Our work has painted the dire reality of the AMR surveillance situation, informing concrete recommendations for improvement that align with the new continental public health ambition of the African Union and Africa Center for Disease Control (CDC). The challenge is to find the funding to expand this initiative to cover the entire African continent.
AMR containment requires a long-term focus—especially in Africa, where health systems are chronically underfunded, while also being disproportionately challenged by infectious threats. More funding needs to be dedicated to the problem and this cannot only come from international aid.

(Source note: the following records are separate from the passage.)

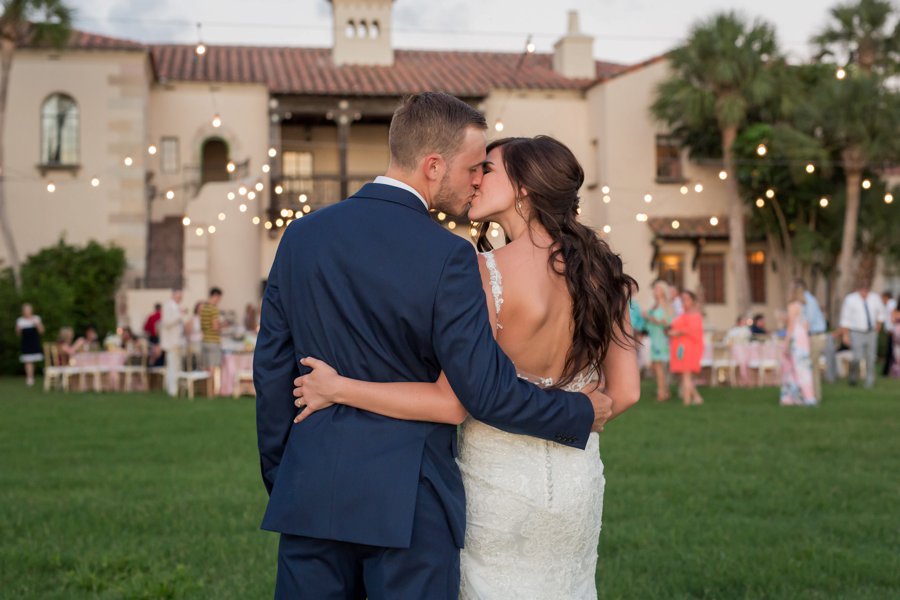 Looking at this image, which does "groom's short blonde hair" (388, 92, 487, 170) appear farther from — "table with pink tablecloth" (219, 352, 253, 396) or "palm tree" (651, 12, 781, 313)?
"palm tree" (651, 12, 781, 313)

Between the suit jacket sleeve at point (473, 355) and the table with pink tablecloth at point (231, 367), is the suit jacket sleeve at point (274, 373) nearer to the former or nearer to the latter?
the suit jacket sleeve at point (473, 355)

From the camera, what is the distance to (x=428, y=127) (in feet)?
10.3

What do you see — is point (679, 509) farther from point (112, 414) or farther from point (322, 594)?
point (112, 414)

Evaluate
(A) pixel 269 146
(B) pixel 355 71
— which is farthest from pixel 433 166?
(B) pixel 355 71

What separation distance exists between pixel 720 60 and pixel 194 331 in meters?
19.2

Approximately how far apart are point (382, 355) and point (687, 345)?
15962 millimetres

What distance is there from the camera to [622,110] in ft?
121

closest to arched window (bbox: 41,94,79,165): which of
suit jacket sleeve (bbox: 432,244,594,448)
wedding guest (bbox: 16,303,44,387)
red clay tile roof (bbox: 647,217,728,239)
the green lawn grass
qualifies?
wedding guest (bbox: 16,303,44,387)

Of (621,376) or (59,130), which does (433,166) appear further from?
(59,130)

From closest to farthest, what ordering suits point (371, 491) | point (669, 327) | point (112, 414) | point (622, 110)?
point (371, 491) < point (112, 414) < point (669, 327) < point (622, 110)

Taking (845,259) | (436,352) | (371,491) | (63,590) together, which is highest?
(845,259)

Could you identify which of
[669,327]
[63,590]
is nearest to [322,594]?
[63,590]

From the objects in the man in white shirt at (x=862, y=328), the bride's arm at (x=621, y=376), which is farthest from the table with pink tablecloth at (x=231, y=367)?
the bride's arm at (x=621, y=376)

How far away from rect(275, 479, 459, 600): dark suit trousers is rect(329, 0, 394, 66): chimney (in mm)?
36374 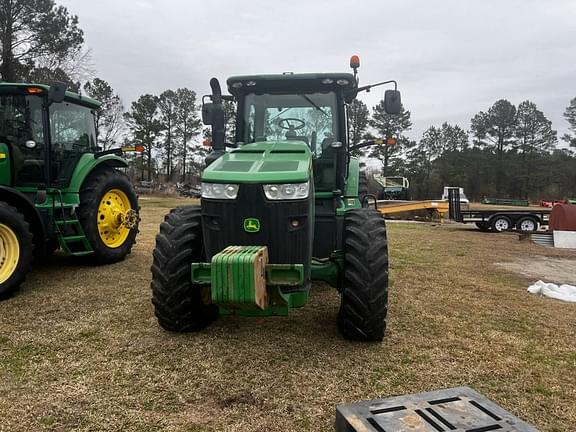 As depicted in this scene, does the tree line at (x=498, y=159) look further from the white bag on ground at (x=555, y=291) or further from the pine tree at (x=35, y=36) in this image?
the white bag on ground at (x=555, y=291)

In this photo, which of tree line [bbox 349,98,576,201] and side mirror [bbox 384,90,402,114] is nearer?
side mirror [bbox 384,90,402,114]

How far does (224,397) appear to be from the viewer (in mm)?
2670

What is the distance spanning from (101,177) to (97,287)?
1.76 m

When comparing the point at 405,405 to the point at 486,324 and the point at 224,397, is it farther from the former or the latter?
the point at 486,324

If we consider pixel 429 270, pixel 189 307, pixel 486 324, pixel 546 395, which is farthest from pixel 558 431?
pixel 429 270

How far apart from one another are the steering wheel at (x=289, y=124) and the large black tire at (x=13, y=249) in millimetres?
2809

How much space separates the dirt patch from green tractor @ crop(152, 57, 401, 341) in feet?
14.2

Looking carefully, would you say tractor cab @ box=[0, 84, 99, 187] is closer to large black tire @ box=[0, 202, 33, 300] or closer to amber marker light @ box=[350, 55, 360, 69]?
large black tire @ box=[0, 202, 33, 300]

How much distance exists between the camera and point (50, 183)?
5480mm

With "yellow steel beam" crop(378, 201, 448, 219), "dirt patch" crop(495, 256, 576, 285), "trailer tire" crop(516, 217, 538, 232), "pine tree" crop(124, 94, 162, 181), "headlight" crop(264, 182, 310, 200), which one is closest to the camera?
"headlight" crop(264, 182, 310, 200)

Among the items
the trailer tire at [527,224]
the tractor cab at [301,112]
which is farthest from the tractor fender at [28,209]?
the trailer tire at [527,224]

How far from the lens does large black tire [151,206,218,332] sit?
3.33 meters

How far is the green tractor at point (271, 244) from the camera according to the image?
9.67 ft

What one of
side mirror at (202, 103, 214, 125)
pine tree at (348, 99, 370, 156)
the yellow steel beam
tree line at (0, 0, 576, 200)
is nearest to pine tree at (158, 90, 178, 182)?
tree line at (0, 0, 576, 200) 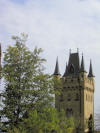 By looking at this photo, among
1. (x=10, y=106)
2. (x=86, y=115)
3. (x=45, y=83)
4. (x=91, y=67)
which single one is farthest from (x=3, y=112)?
(x=91, y=67)

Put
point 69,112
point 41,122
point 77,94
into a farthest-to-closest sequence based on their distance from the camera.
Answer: point 77,94 → point 69,112 → point 41,122

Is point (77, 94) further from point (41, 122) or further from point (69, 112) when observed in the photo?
point (41, 122)

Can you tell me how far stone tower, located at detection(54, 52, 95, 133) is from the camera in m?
59.6

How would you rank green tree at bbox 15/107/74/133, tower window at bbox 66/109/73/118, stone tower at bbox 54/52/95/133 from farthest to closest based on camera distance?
1. tower window at bbox 66/109/73/118
2. stone tower at bbox 54/52/95/133
3. green tree at bbox 15/107/74/133

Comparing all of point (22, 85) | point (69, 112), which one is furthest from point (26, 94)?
point (69, 112)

We urge African governments to honour past commitments and allocate more domestic funding to their health systems in general, and to solving the crisis of AMR in particular. We also call upon bilateral funders and global stakeholders to focus their priorities on improving the health of African peoples. This might require more attention to locally relevant evidence to inform investments and less attention to profit-driven market interventions, as well as prioritizing the scale-up of technologies and strategies proven to work, whether or not they are innovations. Containing AMR means we have to fix African health systems. The work starts now.
Dr Pascale Ondoa is the director of science and new initiatives of the African Society for Laboratory Medicine (ASLM) and Dr Yewande Alimi is the Africa Center for Disease Control (CDC) antimicrobial resistance programme coordinator.